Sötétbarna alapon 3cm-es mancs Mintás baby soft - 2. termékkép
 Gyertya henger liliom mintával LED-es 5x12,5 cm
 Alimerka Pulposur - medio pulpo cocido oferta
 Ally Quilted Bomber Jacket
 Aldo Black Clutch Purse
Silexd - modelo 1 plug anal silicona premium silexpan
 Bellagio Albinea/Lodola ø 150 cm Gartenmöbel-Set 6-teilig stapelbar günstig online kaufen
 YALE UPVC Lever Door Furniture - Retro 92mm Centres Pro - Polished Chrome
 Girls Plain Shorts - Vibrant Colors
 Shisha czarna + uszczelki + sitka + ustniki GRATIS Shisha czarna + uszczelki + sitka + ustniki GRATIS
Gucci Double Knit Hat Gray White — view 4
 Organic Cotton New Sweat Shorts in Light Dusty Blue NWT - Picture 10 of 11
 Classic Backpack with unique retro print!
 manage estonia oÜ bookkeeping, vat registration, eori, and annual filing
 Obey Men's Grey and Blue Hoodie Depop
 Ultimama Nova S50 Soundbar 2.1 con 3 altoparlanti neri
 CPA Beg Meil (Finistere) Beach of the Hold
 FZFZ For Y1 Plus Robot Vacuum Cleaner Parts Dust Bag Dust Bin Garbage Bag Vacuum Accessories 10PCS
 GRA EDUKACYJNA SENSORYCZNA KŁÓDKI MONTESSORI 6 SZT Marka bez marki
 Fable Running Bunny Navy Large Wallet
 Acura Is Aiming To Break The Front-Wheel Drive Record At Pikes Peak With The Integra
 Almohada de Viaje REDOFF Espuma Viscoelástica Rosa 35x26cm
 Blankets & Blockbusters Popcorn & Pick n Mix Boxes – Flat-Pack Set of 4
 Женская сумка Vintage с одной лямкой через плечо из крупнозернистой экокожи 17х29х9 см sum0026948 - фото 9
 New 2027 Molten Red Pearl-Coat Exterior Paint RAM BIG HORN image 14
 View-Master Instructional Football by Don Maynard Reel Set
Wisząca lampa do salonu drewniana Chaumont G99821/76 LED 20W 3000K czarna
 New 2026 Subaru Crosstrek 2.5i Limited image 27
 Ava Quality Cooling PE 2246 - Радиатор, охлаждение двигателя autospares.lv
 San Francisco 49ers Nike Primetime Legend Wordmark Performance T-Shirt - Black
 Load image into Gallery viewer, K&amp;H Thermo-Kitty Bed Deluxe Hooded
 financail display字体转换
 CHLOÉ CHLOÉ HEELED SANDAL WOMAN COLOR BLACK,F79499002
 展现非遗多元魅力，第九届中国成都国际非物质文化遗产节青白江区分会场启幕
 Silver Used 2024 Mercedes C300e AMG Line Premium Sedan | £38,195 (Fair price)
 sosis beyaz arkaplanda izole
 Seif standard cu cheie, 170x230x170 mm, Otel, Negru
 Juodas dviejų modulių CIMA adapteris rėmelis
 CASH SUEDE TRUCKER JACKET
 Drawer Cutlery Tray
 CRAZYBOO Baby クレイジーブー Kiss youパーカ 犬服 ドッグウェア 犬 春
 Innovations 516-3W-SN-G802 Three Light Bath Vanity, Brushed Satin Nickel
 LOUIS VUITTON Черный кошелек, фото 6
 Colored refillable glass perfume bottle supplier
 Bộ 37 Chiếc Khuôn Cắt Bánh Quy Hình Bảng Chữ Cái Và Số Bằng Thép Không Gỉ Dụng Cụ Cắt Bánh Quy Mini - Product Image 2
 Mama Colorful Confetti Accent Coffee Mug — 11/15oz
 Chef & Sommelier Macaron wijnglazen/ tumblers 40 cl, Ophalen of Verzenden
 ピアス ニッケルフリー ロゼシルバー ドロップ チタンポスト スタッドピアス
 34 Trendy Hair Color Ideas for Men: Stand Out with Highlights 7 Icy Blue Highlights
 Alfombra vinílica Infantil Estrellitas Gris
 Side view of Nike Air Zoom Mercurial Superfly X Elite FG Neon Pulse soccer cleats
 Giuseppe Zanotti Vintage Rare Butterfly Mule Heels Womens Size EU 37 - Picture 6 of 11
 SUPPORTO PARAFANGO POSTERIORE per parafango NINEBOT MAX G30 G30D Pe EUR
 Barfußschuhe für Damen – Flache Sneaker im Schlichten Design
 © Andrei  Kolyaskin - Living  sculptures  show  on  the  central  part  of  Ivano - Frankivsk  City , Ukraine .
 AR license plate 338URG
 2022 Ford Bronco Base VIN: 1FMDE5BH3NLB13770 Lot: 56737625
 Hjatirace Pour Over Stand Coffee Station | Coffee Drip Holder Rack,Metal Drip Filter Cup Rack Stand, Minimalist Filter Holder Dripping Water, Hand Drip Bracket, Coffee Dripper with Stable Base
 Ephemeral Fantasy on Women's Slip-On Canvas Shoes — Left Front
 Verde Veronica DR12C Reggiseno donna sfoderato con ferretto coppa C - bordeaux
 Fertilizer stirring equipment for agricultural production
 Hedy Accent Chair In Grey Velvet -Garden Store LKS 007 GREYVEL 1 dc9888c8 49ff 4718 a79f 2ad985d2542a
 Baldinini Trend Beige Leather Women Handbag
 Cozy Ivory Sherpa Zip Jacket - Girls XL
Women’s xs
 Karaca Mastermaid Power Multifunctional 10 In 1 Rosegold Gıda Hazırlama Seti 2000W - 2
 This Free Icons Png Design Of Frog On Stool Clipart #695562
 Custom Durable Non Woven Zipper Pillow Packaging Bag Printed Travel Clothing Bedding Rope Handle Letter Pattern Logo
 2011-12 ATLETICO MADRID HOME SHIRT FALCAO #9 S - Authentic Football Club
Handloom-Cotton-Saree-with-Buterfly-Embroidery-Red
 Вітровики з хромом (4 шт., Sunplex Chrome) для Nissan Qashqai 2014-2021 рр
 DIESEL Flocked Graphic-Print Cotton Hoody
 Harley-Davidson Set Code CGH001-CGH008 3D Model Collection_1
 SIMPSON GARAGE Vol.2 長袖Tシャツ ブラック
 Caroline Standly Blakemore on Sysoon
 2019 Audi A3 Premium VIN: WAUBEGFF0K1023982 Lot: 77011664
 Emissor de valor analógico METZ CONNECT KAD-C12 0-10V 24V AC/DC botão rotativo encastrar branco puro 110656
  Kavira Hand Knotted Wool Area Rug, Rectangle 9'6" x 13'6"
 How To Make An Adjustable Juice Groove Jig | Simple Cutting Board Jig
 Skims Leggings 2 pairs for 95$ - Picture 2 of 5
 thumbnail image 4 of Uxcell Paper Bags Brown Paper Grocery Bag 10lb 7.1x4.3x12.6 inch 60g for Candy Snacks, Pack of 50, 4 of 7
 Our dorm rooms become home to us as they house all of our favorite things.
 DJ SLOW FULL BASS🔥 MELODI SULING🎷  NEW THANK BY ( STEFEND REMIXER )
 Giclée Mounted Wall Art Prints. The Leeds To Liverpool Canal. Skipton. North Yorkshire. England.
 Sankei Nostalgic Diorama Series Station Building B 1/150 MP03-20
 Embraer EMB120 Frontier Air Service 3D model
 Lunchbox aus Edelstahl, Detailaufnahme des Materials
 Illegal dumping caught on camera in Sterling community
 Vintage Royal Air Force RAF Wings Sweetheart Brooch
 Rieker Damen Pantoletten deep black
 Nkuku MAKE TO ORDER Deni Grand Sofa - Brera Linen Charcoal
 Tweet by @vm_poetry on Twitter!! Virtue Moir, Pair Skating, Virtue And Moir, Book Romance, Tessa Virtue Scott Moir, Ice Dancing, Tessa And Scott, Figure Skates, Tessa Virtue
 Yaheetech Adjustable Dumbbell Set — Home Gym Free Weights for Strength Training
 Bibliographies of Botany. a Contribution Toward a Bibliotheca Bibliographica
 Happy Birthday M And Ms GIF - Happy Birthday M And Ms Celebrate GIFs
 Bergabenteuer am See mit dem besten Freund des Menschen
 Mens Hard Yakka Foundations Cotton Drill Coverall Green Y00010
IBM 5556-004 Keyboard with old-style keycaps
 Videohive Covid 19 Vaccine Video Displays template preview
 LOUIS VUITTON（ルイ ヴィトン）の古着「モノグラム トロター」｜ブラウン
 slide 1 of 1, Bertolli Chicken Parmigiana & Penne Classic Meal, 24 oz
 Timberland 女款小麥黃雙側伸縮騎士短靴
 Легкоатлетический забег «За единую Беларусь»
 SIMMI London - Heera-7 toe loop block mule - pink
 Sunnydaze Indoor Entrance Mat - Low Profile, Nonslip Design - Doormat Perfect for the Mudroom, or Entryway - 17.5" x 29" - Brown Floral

++++

## WORK INSTRUCTION
In the listing above, find the line containing "Ava Quality Cooling" and the line containing "Colored refillable glass", then repeat those two lines and everything between them exactly.

## RESULT OF THE EXERCISE
 Ava Quality Cooling PE 2246 - Радиатор, охлаждение двигателя autospares.lv
 San Francisco 49ers Nike Primetime Legend Wordmark Performance T-Shirt - Black
 Load image into Gallery viewer, K&amp;H Thermo-Kitty Bed Deluxe Hooded
 financail display字体转换
 CHLOÉ CHLOÉ HEELED SANDAL WOMAN COLOR BLACK,F79499002
 展现非遗多元魅力，第九届中国成都国际非物质文化遗产节青白江区分会场启幕
 Silver Used 2024 Mercedes C300e AMG Line Premium Sedan | £38,195 (Fair price)
 sosis beyaz arkaplanda izole
 Seif standard cu cheie, 170x230x170 mm, Otel, Negru
 Juodas dviejų modulių CIMA adapteris rėmelis
 CASH SUEDE TRUCKER JACKET
 Drawer Cutlery Tray
 CRAZYBOO Baby クレイジーブー Kiss youパーカ 犬服 ドッグウェア 犬 春
 Innovations 516-3W-SN-G802 Three Light Bath Vanity, Brushed Satin Nickel
 LOUIS VUITTON Черный кошелек, фото 6
 Colored refillable glass perfume bottle supplier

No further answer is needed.